В общем, я отклонил предложение пересдать «четвёрочные» предметы. Отклонил ещё и потому, что в числе тех немногих предметов, которые мне предстояло пересдать, числились «История КПСС» и политэкономия. Не то чтобы я не любил эти предметы или не одобрял идей коммунизма. Наоборот, я насквозь был пропитан ими. Просто я не находил в этих предметах ответов на многие вопросы, которые задавал себе. Вместо ответов мне постоянно вдалбливали корявые догмы типа: дважды два есть дважды два, А когда возникал вопрос посложнее, мне не объясняли, как это получается, а предлагали: верь тому, что есть. И всё!
И представив, что мне снова придётся столкнуться с этими предметами, кривить душой да ещё заново перетряхнуть всю беллетристику партии, я решил: выпущусь с «синим» дипломом и спокойной совестью. Как сказал один из моих знакомых, лучше побольше поиграем в футбол и прибавим здоровья, чем будем корпеть над тяжеловесными томами, зная наперёд, что ничего умного в них не почерпнём.
Надо сказать, мои отношения с царствующей идеологией были всегда натянутыми, начиная с пресловутой курсантской забастовки. Да и потом, в течение всей моей лётной жизни, я часто язвил по поводу «исторических решений» пленумов и съездов КПСС. с удовольствием рассказывал «политические» анекдоты, которые в большом количестве привозил из Москвы.
Вспоминая то время, могу сказать, что народ в основном поддерживал суть этих анекдотов. Хотя сами идеи коммунизма, да и социализма, были мне, безусловно, близки. И я их отстаивал с пеной у рта. И никто мне не мог доказать преимущества капитализма, настолько глубоко сидела во мне эта идеология. Только потом, когда я стал ездить по миру, читать открывшуюся нам заново историческую литературу, когда мне довелось прочесть что-то из «спецхрана», для меня исчезли многие белые пятна отечественной истории, да и вся жизнь увиделась совсем по-другому. Я понял, что большевики, захватившие власть, сделали это вероломно, по-иезуитски. Кроме того, они всё чётко продумали заранее, сделав ставку на террор. Потому что только с помощью террора можно было не только установить эту власть, но и, самое главное, её удержать.

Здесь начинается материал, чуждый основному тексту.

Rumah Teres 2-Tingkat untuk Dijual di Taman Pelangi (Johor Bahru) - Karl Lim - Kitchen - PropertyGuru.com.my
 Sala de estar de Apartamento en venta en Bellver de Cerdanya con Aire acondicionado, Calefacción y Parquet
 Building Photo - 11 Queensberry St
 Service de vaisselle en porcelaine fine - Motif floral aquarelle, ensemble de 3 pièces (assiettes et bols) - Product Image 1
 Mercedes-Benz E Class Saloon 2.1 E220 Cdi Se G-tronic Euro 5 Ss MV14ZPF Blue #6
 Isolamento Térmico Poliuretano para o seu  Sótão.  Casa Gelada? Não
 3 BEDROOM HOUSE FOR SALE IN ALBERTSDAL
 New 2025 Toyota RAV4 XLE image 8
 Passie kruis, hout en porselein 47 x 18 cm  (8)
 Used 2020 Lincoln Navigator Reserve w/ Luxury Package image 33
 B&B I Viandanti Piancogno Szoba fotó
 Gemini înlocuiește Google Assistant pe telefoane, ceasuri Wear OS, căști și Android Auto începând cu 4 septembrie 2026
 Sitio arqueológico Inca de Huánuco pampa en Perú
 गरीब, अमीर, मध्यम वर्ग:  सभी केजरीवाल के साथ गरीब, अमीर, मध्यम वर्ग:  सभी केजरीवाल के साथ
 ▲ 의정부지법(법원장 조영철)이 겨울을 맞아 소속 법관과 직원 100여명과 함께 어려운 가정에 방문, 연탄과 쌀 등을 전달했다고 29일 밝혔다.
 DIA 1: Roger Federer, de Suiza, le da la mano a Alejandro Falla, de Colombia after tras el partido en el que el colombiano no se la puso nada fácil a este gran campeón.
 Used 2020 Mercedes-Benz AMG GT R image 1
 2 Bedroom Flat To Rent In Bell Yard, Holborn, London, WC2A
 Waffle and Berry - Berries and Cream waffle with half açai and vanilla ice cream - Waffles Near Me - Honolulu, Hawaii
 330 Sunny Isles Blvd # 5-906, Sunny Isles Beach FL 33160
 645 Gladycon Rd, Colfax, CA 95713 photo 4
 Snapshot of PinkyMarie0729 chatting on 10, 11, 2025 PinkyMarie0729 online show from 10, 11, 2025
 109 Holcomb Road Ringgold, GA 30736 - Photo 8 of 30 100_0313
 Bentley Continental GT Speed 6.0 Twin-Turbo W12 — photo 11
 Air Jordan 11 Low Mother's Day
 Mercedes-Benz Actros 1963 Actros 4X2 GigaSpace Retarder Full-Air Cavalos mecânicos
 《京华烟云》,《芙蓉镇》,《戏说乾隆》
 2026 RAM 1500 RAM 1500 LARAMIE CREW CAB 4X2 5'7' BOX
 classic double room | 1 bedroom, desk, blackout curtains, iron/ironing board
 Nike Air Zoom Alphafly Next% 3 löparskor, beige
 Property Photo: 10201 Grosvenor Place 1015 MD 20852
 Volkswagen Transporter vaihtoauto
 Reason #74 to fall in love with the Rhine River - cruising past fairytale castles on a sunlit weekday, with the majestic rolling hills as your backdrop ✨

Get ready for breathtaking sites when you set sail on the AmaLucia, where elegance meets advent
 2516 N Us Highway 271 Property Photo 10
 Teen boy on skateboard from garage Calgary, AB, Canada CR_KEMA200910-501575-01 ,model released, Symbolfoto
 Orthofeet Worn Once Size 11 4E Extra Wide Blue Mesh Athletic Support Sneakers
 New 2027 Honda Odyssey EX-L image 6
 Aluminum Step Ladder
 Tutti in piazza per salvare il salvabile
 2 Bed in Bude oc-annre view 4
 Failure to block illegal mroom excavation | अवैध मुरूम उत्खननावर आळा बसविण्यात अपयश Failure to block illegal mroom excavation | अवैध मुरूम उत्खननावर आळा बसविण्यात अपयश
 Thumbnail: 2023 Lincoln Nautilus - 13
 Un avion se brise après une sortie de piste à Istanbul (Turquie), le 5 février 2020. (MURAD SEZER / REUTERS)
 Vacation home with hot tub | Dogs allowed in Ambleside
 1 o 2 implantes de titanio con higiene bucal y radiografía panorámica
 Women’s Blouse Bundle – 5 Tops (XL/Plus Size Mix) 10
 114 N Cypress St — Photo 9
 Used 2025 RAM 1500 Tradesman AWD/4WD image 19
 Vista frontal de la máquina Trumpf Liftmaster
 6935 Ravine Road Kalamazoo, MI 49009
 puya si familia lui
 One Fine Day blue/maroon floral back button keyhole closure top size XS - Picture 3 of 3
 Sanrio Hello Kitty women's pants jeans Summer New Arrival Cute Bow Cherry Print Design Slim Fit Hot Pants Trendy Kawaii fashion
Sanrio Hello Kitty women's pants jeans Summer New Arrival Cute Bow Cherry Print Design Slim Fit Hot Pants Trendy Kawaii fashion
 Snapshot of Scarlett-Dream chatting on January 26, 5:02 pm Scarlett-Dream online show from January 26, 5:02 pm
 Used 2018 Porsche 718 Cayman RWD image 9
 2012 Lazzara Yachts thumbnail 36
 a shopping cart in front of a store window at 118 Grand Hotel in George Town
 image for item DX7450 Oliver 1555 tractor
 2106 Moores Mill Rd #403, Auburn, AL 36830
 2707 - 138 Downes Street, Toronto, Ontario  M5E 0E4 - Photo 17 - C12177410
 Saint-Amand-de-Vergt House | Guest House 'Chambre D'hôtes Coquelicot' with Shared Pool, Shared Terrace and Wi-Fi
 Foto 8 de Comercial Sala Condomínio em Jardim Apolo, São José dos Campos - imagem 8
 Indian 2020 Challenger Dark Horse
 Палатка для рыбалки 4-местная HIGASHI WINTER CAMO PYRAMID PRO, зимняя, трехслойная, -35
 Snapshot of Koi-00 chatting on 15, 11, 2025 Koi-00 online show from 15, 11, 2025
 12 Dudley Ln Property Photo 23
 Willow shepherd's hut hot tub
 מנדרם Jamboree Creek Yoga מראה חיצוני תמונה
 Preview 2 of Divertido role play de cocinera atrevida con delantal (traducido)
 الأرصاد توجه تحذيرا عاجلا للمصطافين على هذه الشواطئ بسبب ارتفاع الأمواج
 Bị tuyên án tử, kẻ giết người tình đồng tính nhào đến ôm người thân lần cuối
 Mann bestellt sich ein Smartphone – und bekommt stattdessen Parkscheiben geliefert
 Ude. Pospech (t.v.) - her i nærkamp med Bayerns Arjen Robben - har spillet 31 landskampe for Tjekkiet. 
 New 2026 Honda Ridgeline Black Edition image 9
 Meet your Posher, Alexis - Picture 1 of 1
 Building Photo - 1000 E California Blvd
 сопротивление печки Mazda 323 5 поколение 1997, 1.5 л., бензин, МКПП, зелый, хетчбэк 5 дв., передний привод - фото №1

К сожалению, мы не знали размеров постигшего нас большевистского бедствия, даже когда читали доклад Хрущёва на XX съезде партии. Это была только первая ласточка правды. Джинна из бутылки выпустили, но сама система настолько укоренилась, настолько весь уклад жизни был в этом смысле железобетонным, что это не привело тогда к радикальным переменам. А лёгкая «оттепель» шестидесятых только предзнаменовала грядущие времена перемен. Но её проблеск был страшен для тех, кто держал народ в огромном концлагере. И они быстро эту «оттепель» прихлопнули. Но теперь уже надо было придумывать новую если не идеологию, то терминологию, чтобы людей снова загнать в этот концлагерь, каким-то способом удержать в своей системе и доходчиво доказать (когда «железный занавес» чуть-чуть приоткрылся и в страну хлынул поток информации), что противоположная система хуже.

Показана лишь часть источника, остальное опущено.